Right now, the maestro is looking at an opera by Wolfgang Amadeus Mozart. He is leaning towards “Don Giovanni,” an opera in two acts. It is based on the legends of Don Juan, a fictional libertine and seducer, written by the 17th century Spanish Baroque dramatist, poet, and Roman Catholic monk, Tirso de Molina.
Music for children is part of the maestro’s plans as well as music from important musicians. “I want to have concerts with music from contemporary classical composers,” the maestro said.
He wants professional ballet to be performed again at Teatro Pumapungo. The goal is to bring back dancers from the National Ballet of Ecuador, which is based in Quito.

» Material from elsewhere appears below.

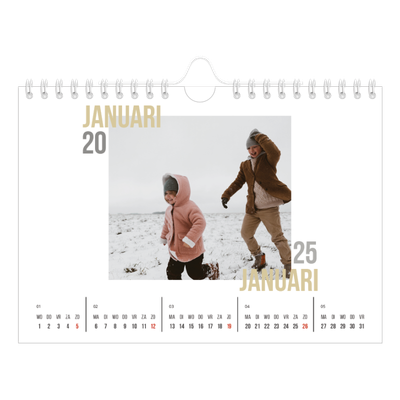 Fotokalender A5 — Dubbele tekst [Januari]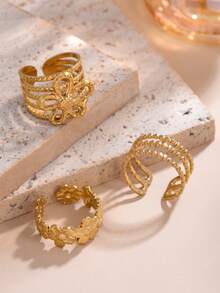 1/3pcs Women's Stainless Steel Gold Rings, Flower Shaped Non-Fading Rust-Proof Rings, Adjustable Size Without Size Opening, Suitable For Daily Wear, Gift For Women - Yellow Gold - View 4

For American expats, the maestro wants to do a special concert in July. “I want to have a concert with music from American composers such as Aaron Copeland and Leonard Bernstein,” he said. Of course, since it will be July, Tchaikovsky’s 1812 Overture would be part of the program.
Making the Cuenca Symphony Orchestra world renowned is the maestro’s goal. He wants guest conductors from around the world, including from France and Spain. On March 17, Korean director Jongwhi Vakh led the symphony. Currently, Vakh is the Music Director of the Symphony Orchestra of the City of Asunción (Paraguay).
He says that virtual concerts on Facebook and YouTube have given the group of musicians a big worldwide presence, especially during the Covid pandemic, when there were no public performances.
“Social media has helped us to get a bigger audience. People from other countries are watching us,” Carrión Rodas said. “We are also building a new public audience in our city as people have been curious and want to know more about our music.”
The maestro adds that it helps that Cuenca has five universities and a high percentage of the population is highly educated.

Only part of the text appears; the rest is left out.